Two major museum exhibitions recently explored the intersection of art and politics during the Jim Crow, civil rights, and Black Power eras. “The Color Line: African American Artists and Segregation” at Le musée du quai Branly in Paris (2016), and “Soul of a Nation: Art in the Age of Black Power,” organized by the Tate Modern in London (2017), featured works by dozens of African American artists and offered rare opportunities for European audiences to view the myriad ways the artists expressed themselves during the fraught and contentious periods in American history.

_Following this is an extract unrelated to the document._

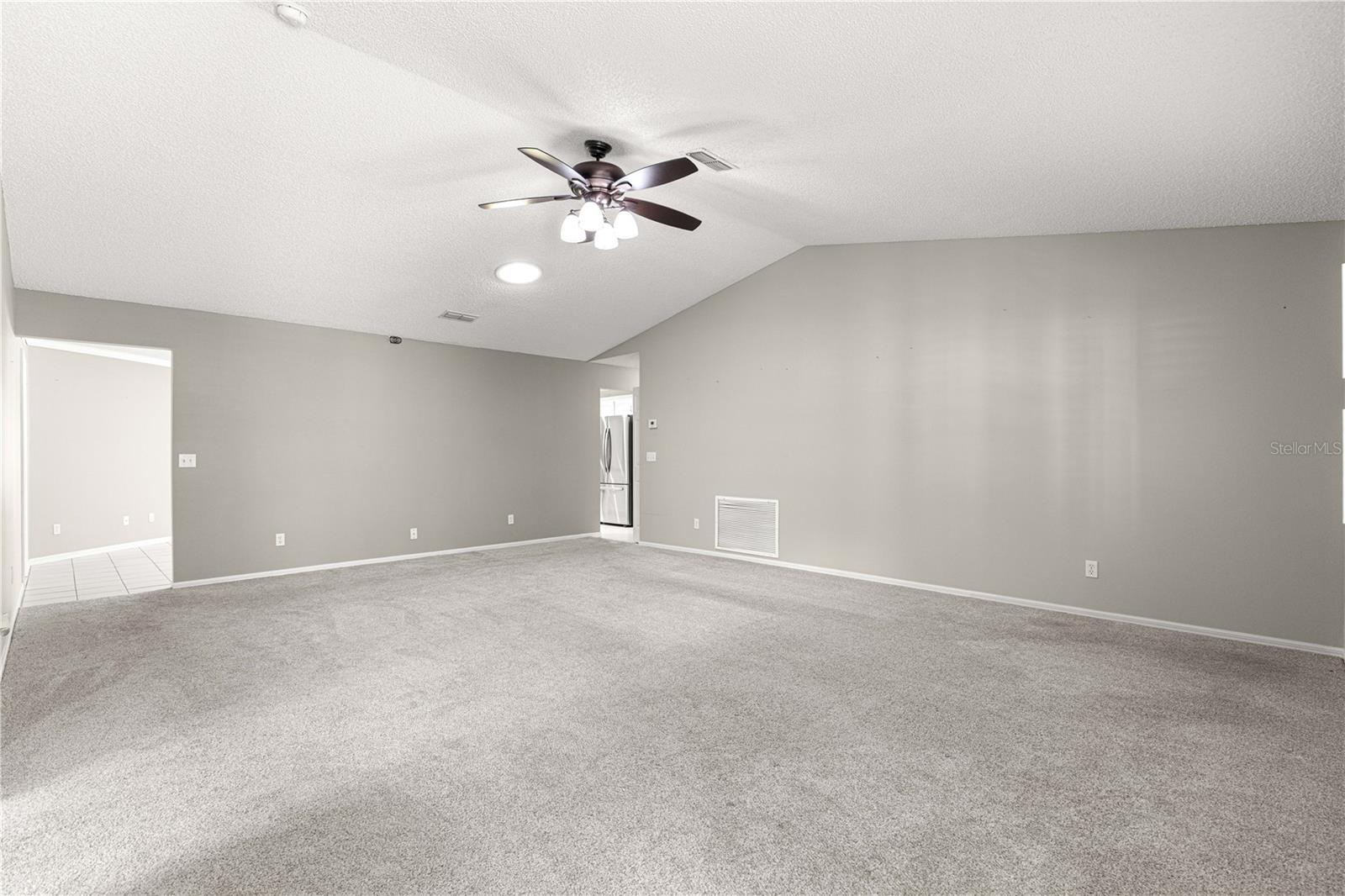 9878 Sw 97th Ln Property Photo 4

Gilliam and some of his contemporaries are featured in “Soul of a Nation” which has since traveled to the United States after being organized in London. Among them, Betye Saar recently had her first exhibition in Italy, “Easy Dancer” (2016-17) at the Prada Foundation in Milan. “More Dimensions Than You Know: Jack Whitten, 1979–1989” (2017) at Hauser & Wirth gallery was Jack Whitten’s first-ever solo exhibition in London. He died two months after it closed. “Faith Ringgold: Paintings and Story Quilts, 1964-2017,” Ringgold’s first European exhibition was on view earlier this year at Pippy Houldsworth Gallery in London.


SAM GILLIAM, “Rondo,” 1971 (acrylic on canvas on oak beam, 103 x 144 x 78 inches). | Photo by Lee Thompson, Courtesy the artist, Kunstmuseum Basel and David Kordansky Gallery, Los Angeles. © 2018, ProLitteris, Zurich


For Carrie Mae Weems, Rome inspired one of her most memorable series, in which she photographed herself with her back to the camera facing monumental institutions and architectural sites around the Italian capital. Titled “Roaming” (2006), the series explores issues of vulnerability and agency.

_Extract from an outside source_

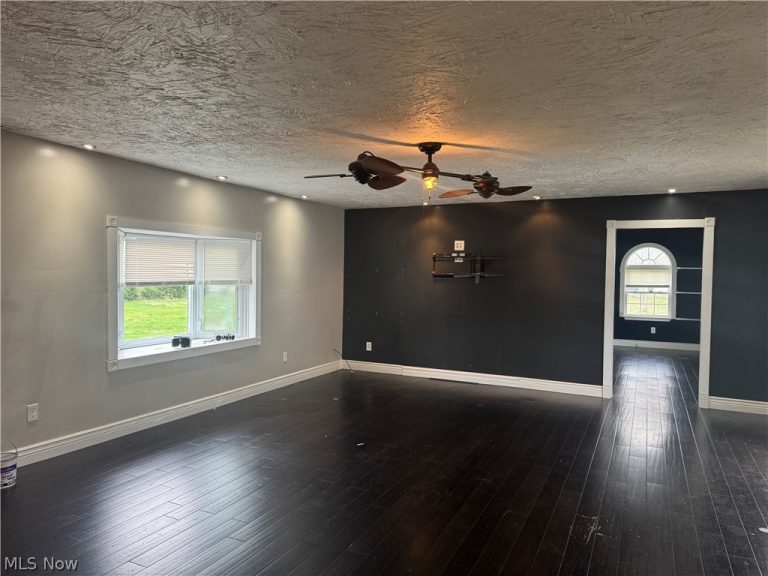 3946 Dunton Road, Lorain, OH - Photo 3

Weems discussed the images with Art21. She said: “Architecture in its essence, much of the fabric of it, is very much about power. If we think about a place like Rome, where I did a residency a few years ago, what one is made to feel is the power of the state in relationship to the lower subject, to the general populace. You are always aware that you are a sort of minion in relationship to this enormous edifice, the edifice of power. What is this relationship of power to you and what is your relationship to power and how do you contest it?”

“Roaming” led to Weems’s “Museum Series” (2007-present) in which she has similarly positioned herself before cultural institutions, including prominent European museums, the Louvre, British Museum, and Tate Modern, among them. With these images she is raising questions about the art world establishment, exhibition and collecting practices, and the marginalization of certain artists based on race and gender.

In the “Museum Series,” Carrie Mae Weems photographed herself before prominent European museums, the Louvre, British Museum, and Tate Modern, among them. With these images she is raising questions about the art world establishment, exhibition and collecting practices, and the marginalization of certain artists based on race and gender.

CARRIE MAE WEEMS explains her “Roaming” series of photographs taken around Rome, Italy, that explores the power of architecture and individual agency. | Video by Art21


For generations Black American visual artists have largely been welcomed throughout Europe for study opportunities, or living out their entire lives or major periods of their careers. During these years, African American artists, whether based stateside or in Europe, may have had the opportunity to exhibit their work, but in the past decade or so they are showing with more regularity and in more important institutions and high-profile venues.

In advance of “Kerry James Marshall: Mastry,” the artist’s 30-year survey that opened in Chicago and traveled to New York and Los Angeles, Marshall had a major exhibition in Europe—his biggest on the continent. “Kerry James Marshall: Painting and Other Stuff” (2012-14) was organized by the Museum of Contemporary Art Antwerp (M HKA) in Belgium, Kunsthal Charlottenborg in Copenhagen, Denmark, Fundació Antoni Tàpies in Barcelona, and Museo Nacional Centro de Arte Reina Sofia in Madrid. The four institutions showed Marshall’s paintings for which he is renowned, but also wanted to emphasize the depth of his practice by displaying the “other stuff,” the many other mediums through which he has expressed himself, including sculpture, photography, installation, drawing, collage, video, printing and animated film.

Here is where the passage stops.